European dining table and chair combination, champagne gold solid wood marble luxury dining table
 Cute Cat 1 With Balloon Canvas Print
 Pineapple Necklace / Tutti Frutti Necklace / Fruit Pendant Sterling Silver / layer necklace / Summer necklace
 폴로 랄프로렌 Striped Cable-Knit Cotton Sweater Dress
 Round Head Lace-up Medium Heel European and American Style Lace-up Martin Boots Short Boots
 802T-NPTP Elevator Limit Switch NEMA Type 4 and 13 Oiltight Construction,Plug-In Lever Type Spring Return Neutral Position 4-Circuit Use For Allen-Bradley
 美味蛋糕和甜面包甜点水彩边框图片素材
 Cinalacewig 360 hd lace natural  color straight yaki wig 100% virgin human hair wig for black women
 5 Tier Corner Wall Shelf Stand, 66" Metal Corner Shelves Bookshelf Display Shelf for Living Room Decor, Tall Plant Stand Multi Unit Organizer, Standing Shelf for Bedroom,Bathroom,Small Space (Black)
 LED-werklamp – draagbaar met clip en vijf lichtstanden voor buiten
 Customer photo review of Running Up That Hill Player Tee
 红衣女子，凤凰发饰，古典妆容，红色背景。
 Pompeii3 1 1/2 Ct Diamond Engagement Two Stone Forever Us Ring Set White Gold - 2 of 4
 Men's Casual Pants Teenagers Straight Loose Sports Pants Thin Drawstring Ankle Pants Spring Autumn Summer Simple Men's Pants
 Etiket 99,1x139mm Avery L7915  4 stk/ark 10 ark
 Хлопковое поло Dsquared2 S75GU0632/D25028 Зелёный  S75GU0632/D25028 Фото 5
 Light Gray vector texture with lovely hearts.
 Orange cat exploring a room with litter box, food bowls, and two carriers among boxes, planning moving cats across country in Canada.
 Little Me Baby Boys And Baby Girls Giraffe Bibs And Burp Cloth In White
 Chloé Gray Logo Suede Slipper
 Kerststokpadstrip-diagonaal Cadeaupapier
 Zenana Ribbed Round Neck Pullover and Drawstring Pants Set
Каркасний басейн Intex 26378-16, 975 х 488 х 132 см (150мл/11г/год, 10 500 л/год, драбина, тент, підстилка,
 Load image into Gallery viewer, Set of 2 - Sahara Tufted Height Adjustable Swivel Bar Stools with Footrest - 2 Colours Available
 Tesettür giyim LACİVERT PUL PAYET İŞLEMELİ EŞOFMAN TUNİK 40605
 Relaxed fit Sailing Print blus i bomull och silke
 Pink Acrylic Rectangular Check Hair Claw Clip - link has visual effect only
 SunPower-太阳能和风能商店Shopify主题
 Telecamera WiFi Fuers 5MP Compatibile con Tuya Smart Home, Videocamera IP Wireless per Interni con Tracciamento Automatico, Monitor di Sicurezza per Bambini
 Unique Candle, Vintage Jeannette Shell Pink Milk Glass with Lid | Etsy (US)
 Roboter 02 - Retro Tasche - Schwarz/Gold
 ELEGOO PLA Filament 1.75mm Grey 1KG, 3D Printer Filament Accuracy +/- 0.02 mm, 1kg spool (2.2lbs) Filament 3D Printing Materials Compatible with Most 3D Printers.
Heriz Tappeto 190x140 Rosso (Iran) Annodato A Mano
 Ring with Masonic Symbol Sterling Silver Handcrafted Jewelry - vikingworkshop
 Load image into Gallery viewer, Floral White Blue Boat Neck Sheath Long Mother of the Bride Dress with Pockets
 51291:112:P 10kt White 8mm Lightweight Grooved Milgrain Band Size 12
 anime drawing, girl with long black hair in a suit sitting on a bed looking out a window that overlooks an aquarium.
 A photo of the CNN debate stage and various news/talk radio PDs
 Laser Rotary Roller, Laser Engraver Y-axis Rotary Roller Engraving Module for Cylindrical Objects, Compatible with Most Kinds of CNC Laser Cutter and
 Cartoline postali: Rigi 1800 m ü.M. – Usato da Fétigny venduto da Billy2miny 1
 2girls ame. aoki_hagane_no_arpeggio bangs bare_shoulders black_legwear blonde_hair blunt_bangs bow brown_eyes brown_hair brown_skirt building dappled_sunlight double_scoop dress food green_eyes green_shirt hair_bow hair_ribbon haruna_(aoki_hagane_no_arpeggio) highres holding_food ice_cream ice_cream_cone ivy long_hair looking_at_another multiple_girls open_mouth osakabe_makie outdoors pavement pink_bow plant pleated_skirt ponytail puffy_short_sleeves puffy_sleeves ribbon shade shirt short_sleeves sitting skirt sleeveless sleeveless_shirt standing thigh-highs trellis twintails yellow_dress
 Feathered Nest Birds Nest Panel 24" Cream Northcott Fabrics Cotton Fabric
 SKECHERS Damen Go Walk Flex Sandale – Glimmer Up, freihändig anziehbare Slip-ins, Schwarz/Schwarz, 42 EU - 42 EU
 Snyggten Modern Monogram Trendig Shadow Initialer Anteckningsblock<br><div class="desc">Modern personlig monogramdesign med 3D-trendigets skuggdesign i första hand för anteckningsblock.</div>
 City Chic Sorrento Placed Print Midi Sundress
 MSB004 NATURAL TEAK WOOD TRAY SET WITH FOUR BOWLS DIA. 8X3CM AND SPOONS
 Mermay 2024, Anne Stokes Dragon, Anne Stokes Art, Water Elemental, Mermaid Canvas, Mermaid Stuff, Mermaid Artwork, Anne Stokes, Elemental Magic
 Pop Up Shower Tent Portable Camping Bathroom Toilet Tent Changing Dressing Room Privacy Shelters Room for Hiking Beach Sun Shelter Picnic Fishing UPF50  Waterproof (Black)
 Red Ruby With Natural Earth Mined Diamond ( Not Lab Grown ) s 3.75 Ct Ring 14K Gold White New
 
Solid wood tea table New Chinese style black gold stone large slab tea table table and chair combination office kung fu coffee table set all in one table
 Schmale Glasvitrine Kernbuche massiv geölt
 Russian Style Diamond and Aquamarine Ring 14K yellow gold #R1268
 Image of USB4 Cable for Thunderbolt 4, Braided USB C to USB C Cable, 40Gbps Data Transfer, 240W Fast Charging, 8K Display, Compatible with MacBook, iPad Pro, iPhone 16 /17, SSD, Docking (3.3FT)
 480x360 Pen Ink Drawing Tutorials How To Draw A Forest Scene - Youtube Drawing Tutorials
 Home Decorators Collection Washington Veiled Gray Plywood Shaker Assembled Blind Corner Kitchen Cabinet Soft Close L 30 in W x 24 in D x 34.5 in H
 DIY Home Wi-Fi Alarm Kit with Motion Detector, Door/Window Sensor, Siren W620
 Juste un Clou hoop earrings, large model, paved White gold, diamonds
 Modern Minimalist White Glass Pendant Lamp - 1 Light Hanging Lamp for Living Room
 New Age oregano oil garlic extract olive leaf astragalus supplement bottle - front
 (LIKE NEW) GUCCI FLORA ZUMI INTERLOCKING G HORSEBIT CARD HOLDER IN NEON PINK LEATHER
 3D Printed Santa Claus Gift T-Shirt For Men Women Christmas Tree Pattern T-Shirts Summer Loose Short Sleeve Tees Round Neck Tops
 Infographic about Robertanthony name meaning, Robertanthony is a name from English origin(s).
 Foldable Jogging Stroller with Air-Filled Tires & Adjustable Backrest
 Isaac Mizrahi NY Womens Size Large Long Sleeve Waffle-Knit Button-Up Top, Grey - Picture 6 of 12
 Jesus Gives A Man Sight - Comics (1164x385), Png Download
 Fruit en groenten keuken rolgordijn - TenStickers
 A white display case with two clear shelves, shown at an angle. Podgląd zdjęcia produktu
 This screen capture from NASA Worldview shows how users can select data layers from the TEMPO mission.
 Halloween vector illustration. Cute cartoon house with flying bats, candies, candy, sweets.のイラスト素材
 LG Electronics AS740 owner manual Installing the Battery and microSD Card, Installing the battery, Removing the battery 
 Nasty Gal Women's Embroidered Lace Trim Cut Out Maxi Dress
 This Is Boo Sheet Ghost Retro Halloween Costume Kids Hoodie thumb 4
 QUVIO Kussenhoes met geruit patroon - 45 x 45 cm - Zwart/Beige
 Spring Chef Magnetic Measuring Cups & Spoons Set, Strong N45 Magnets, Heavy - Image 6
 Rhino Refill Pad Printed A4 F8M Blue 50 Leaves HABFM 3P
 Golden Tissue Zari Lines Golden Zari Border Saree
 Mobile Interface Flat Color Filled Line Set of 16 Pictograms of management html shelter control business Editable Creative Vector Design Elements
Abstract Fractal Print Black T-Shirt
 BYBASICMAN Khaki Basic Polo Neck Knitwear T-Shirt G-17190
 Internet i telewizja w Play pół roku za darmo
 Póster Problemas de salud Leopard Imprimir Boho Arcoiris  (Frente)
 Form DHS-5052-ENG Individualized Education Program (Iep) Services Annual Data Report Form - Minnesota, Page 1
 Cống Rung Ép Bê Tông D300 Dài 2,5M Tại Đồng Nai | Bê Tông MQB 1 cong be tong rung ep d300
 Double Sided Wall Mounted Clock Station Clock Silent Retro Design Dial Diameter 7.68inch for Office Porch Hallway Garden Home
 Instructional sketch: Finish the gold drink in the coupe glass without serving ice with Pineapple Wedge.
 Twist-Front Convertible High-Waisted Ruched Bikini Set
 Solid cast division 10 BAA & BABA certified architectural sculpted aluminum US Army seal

** Exercise aim **
Show the lines from the data above that contain the string "Summer".

** Task answer **
 Pineapple Necklace / Tutti Frutti Necklace / Fruit Pendant Sterling Silver / layer necklace / Summer necklace
 Men's Casual Pants Teenagers Straight Loose Sports Pants Thin Drawstring Ankle Pants Spring Autumn Summer Simple Men's Pants
 3D Printed Santa Claus Gift T-Shirt For Men Women Christmas Tree Pattern T-Shirts Summer Loose Short Sleeve Tees Round Neck Tops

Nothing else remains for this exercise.